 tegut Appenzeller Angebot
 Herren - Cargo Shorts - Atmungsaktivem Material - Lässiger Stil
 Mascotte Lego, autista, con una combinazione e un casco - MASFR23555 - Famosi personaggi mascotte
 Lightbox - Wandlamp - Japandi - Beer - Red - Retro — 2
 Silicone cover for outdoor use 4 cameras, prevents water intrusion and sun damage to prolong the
---
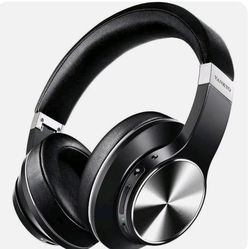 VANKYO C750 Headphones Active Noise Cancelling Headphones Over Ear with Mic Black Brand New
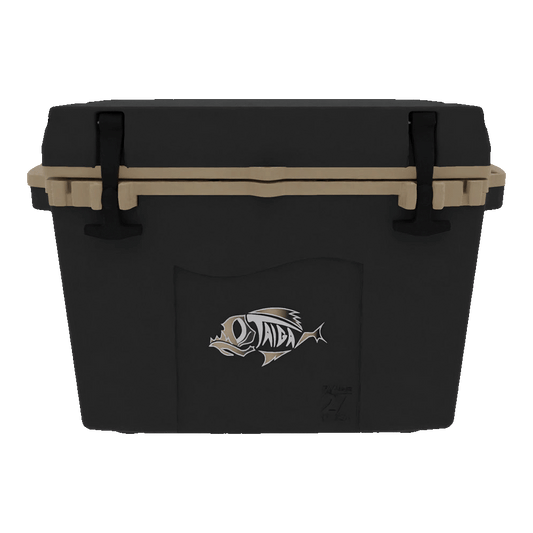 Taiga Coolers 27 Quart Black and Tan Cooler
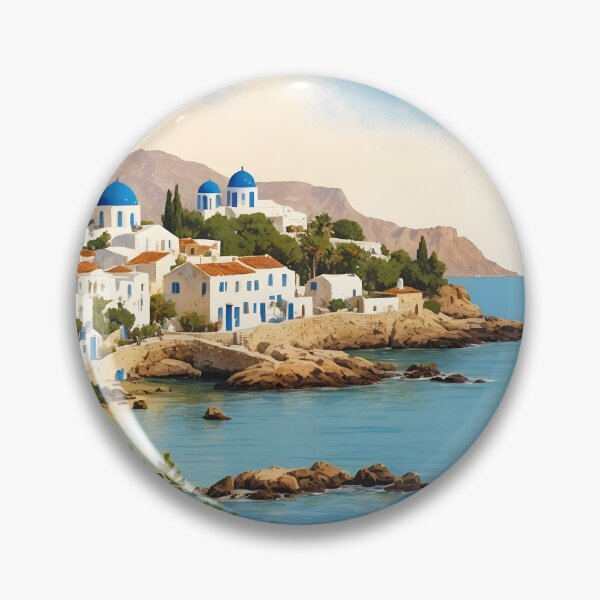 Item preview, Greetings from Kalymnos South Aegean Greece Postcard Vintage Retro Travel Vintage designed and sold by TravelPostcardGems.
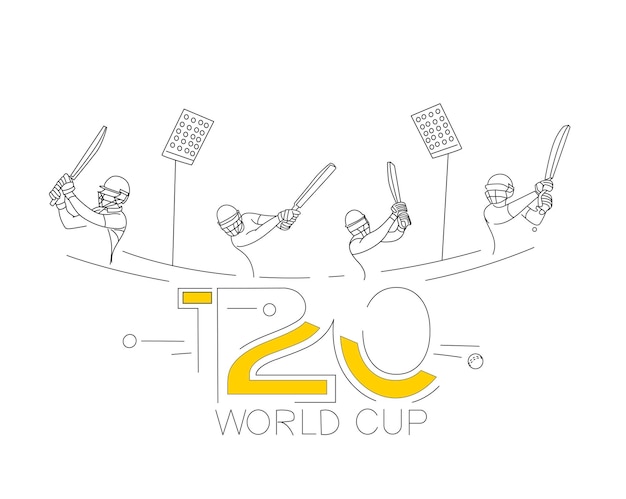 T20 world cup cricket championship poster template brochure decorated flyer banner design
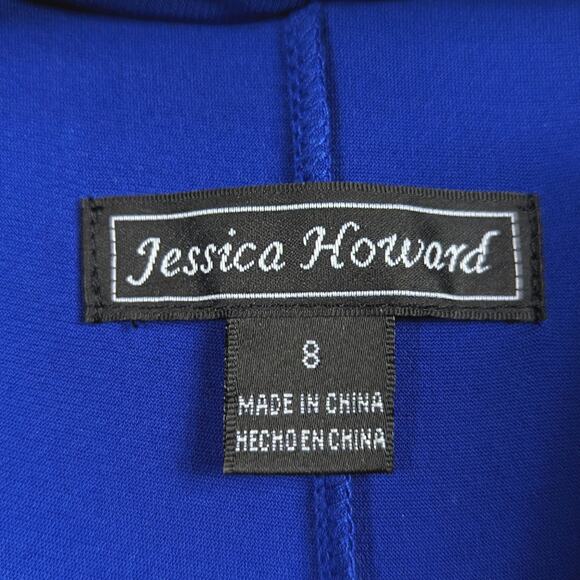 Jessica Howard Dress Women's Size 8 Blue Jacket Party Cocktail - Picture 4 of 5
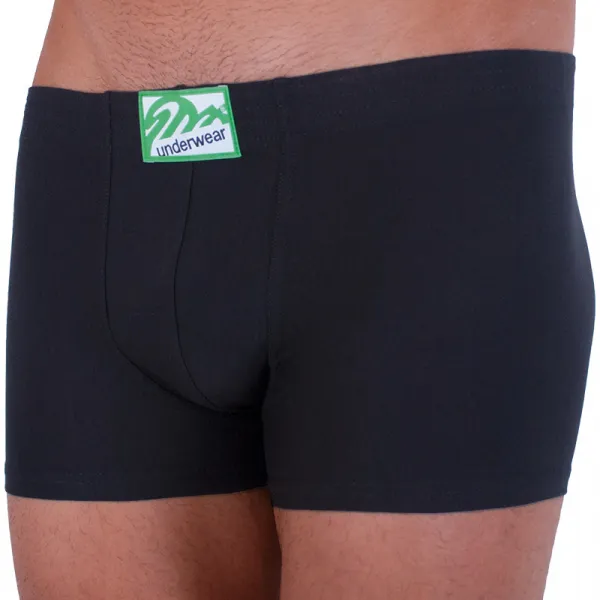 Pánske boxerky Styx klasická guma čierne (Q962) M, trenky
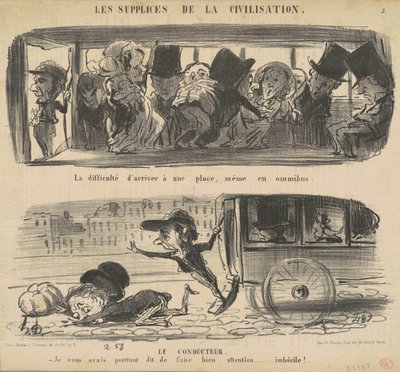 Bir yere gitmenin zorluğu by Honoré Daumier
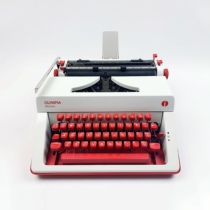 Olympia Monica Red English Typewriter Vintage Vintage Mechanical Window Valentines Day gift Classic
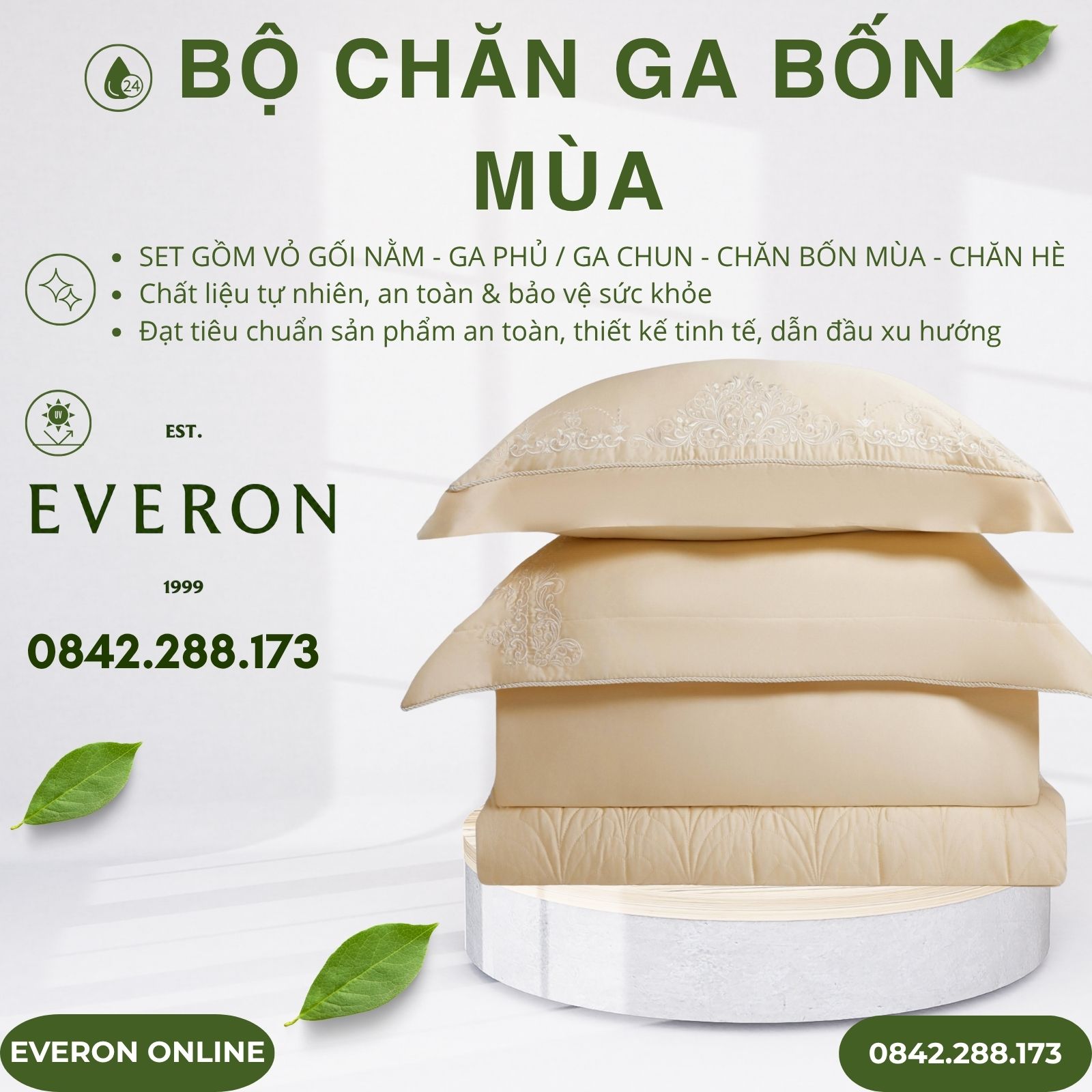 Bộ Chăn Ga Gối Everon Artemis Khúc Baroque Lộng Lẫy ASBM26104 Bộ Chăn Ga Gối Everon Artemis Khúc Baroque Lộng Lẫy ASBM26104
* * *
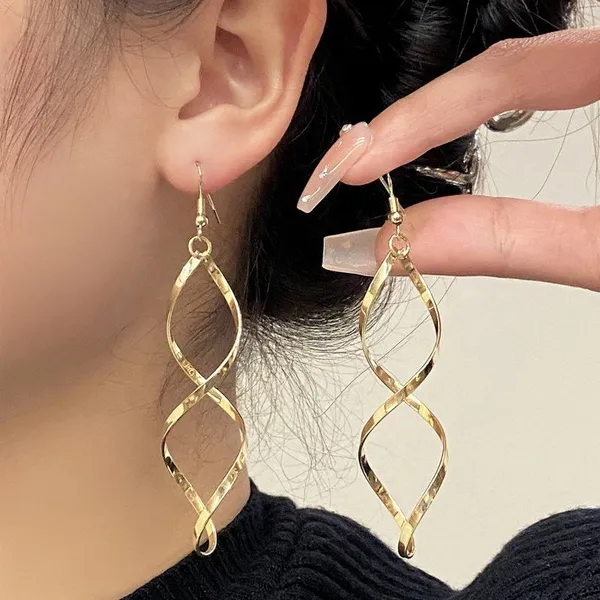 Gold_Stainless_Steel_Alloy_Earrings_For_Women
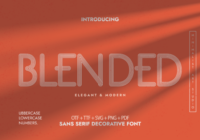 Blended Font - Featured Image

[What you have to do]:
Your task is to retype the entries verbatim, starting with the line that holds "Herren - Cargo" and stopping after the line that holds "Silicone cover for".

[Response to the exercise]:
 Herren - Cargo Shorts - Atmungsaktivem Material - Lässiger Stil
 Mascotte Lego, autista, con una combinazione e un casco - MASFR23555 - Famosi personaggi mascotte
 Lightbox - Wandlamp - Japandi - Beer - Red - Retro — 2
 Silicone cover for outdoor use 4 cameras, prevents water intrusion and sun damage to prolong the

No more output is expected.